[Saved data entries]
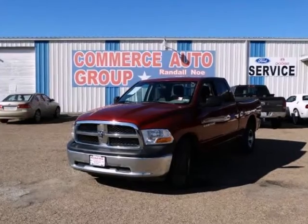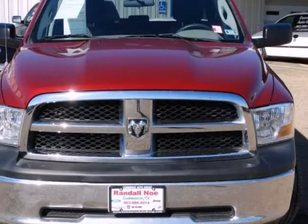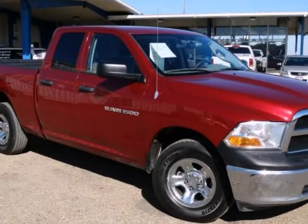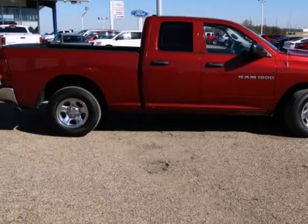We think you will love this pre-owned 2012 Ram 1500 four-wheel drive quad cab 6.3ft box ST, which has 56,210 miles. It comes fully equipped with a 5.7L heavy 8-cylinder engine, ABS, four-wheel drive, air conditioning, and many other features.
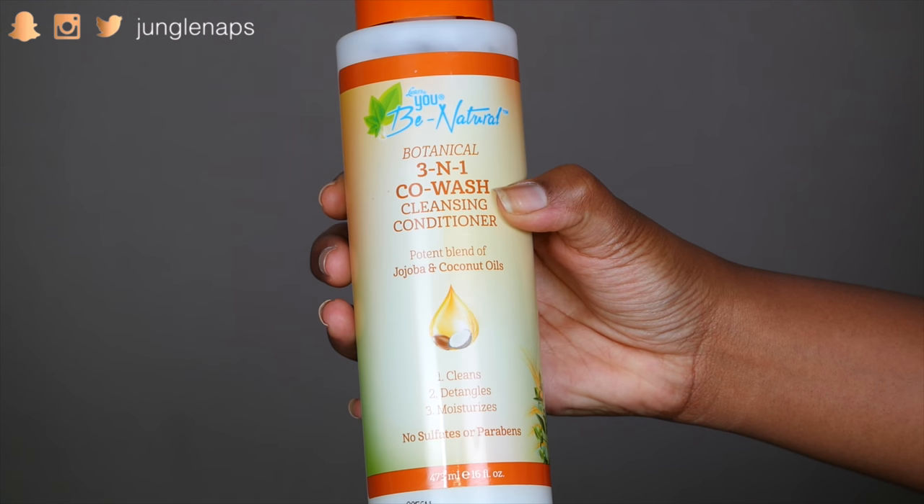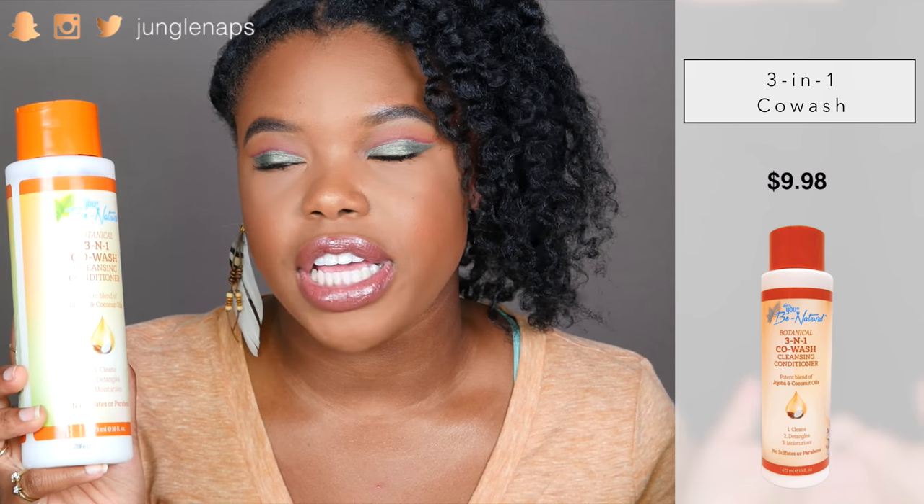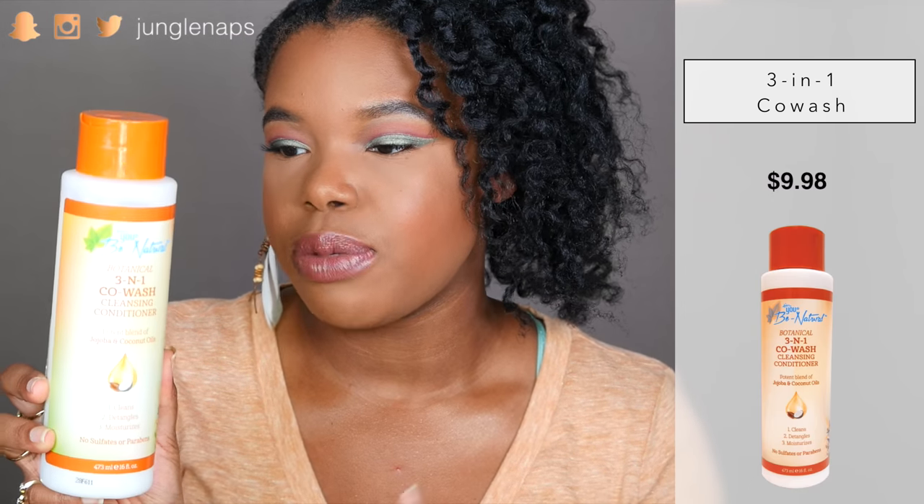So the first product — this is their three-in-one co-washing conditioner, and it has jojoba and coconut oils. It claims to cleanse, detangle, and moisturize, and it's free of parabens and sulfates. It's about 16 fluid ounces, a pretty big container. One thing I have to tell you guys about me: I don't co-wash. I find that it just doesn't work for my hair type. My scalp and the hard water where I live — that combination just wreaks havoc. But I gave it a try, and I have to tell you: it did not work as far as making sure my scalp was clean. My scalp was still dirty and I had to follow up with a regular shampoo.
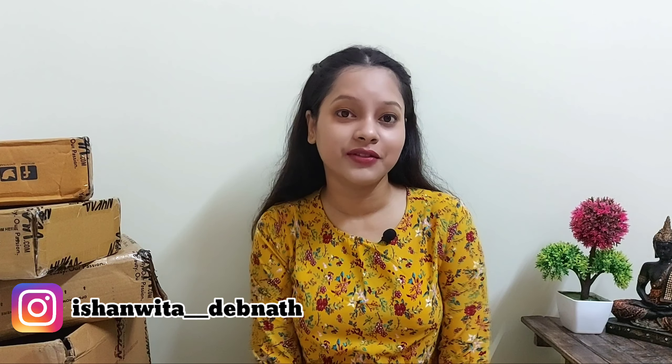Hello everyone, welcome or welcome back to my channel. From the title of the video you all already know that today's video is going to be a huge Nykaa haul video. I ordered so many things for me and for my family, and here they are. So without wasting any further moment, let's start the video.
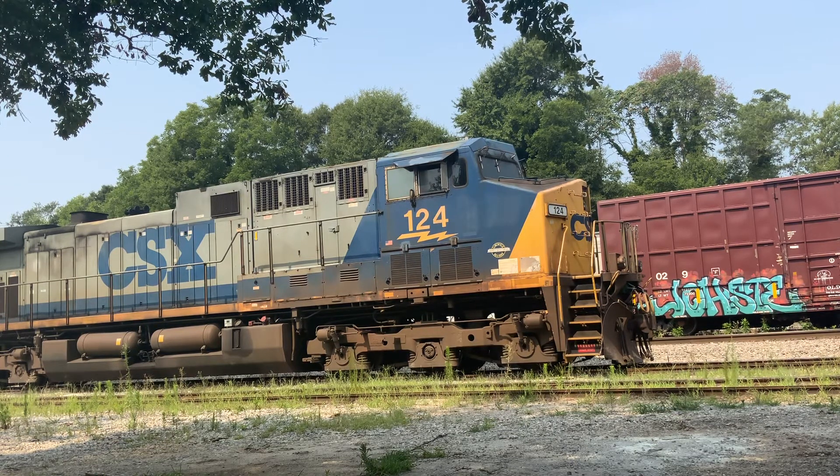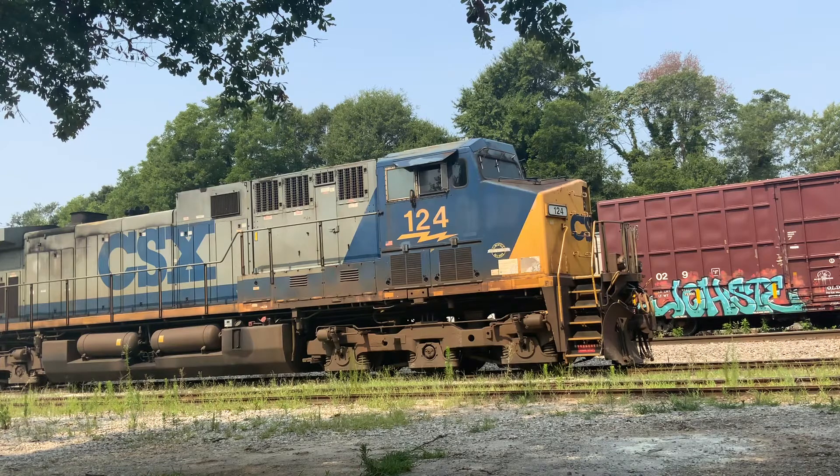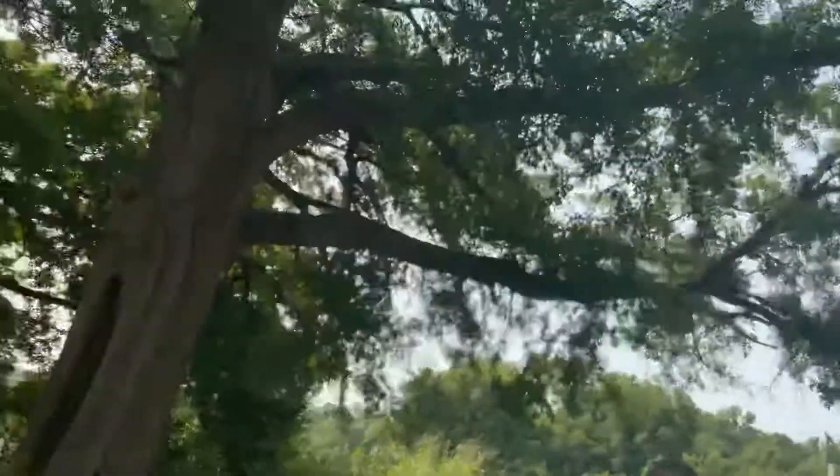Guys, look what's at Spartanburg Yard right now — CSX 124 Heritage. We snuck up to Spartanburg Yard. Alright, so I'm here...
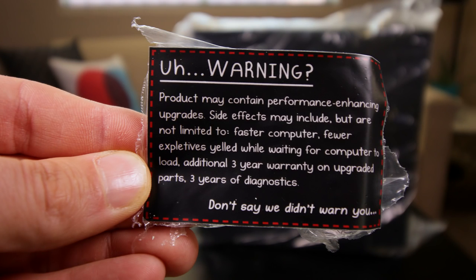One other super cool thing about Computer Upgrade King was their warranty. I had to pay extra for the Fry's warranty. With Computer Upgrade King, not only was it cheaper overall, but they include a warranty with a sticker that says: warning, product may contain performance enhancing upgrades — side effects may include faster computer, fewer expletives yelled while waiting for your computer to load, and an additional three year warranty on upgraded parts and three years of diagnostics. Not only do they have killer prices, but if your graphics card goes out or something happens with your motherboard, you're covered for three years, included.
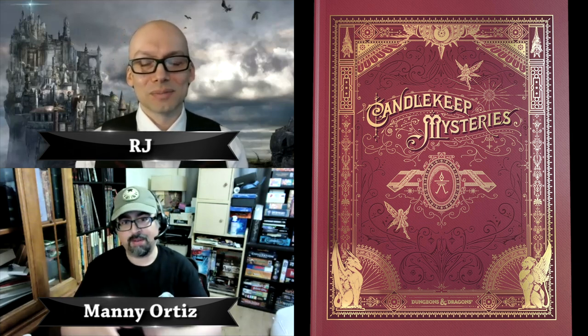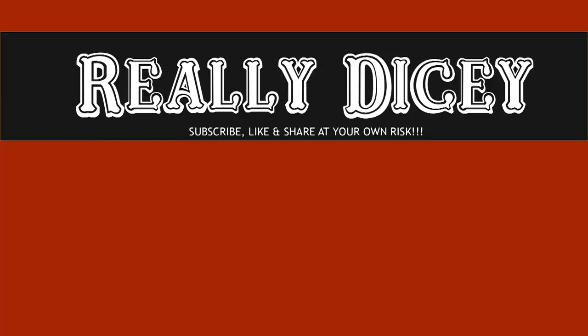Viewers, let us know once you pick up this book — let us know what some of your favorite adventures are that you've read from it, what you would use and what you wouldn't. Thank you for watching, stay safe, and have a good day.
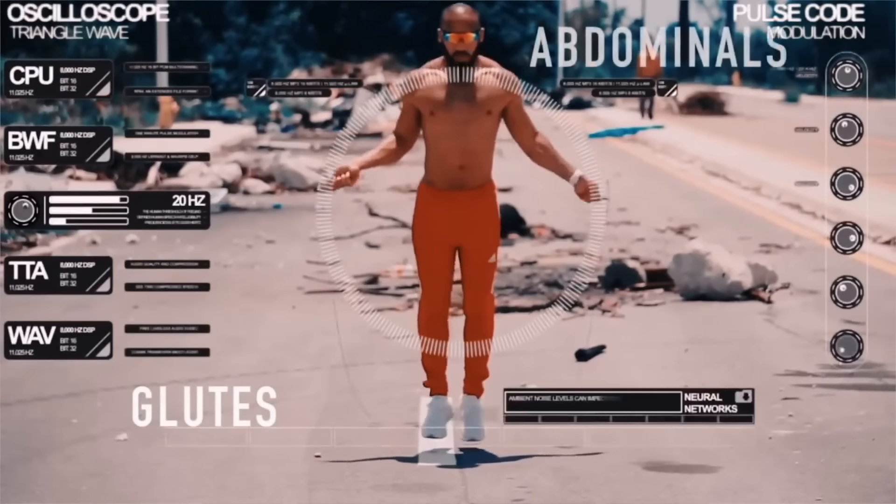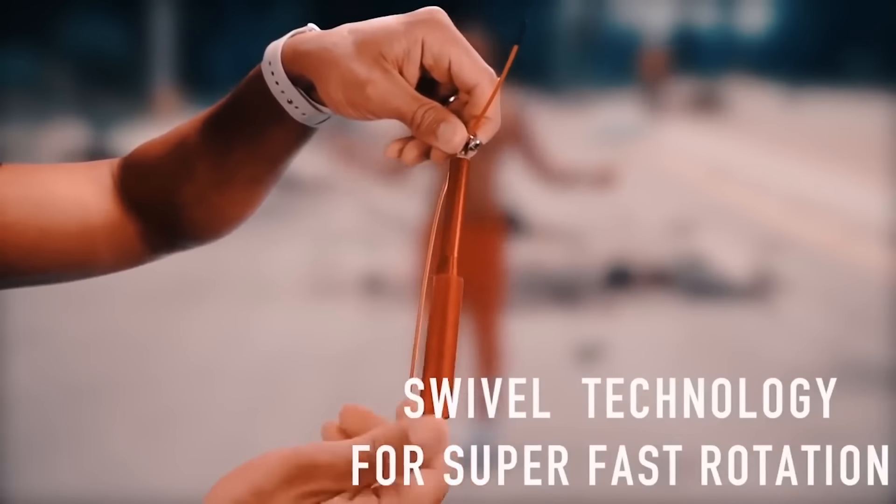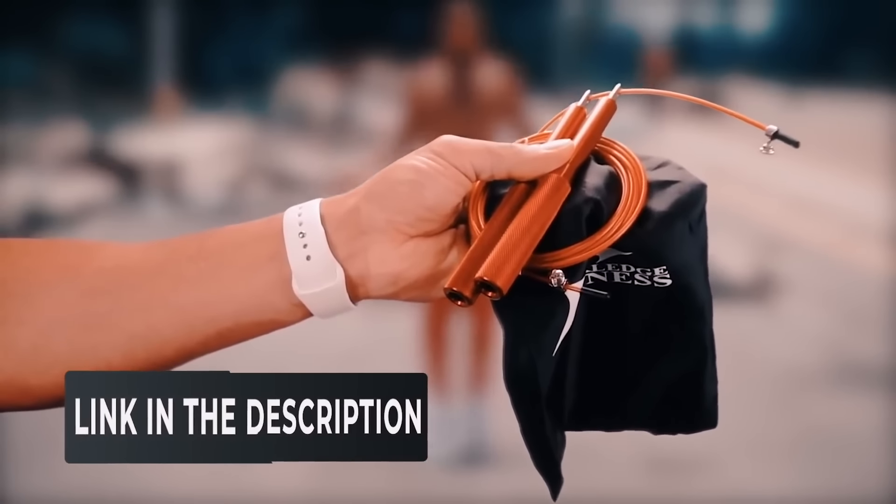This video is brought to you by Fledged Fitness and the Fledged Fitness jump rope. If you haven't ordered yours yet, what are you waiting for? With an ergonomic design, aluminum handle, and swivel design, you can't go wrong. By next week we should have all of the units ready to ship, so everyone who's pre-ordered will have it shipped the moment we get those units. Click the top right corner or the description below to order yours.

*EXERCISE DETAILS*. Repeat, word for word, each of the records, omitting any image they hold.

*TASK ANSWER*.
We think you will love this pre-owned 2012 Ram 1500 four-wheel drive quad cab 6.3ft box ST, which has 56,210 miles. It comes fully equipped with a 5.7L heavy 8-cylinder engine, ABS, four-wheel drive, air conditioning, and many other features.
So the first product — this is their three-in-one co-washing conditioner, and it has jojoba and coconut oils. It claims to cleanse, detangle, and moisturize, and it's free of parabens and sulfates. It's about 16 fluid ounces, a pretty big container. One thing I have to tell you guys about me: I don't co-wash. I find that it just doesn't work for my hair type. My scalp and the hard water where I live — that combination just wreaks havoc. But I gave it a try, and I have to tell you: it did not work as far as making sure my scalp was clean. My scalp was still dirty and I had to follow up with a regular shampoo.
Hello everyone, welcome or welcome back to my channel. From the title of the video you all already know that today's video is going to be a huge Nykaa haul video. I ordered so many things for me and for my family, and here they are. So without wasting any further moment, let's start the video.
Guys, look what's at Spartanburg Yard right now — CSX 124 Heritage. We snuck up to Spartanburg Yard. Alright, so I'm here...
One other super cool thing about Computer Upgrade King was their warranty. I had to pay extra for the Fry's warranty. With Computer Upgrade King, not only was it cheaper overall, but they include a warranty with a sticker that says: warning, product may contain performance enhancing upgrades — side effects may include faster computer, fewer expletives yelled while waiting for your computer to load, and an additional three year warranty on upgraded parts and three years of diagnostics. Not only do they have killer prices, but if your graphics card goes out or something happens with your motherboard, you're covered for three years, included.
Viewers, let us know once you pick up this book — let us know what some of your favorite adventures are that you've read from it, what you would use and what you wouldn't. Thank you for watching, stay safe, and have a good day.
This video is brought to you by Fledged Fitness and the Fledged Fitness jump rope. If you haven't ordered yours yet, what are you waiting for? With an ergonomic design, aluminum handle, and swivel design, you can't go wrong. By next week we should have all of the units ready to ship, so everyone who's pre-ordered will have it shipped the moment we get those units. Click the top right corner or the description below to order yours.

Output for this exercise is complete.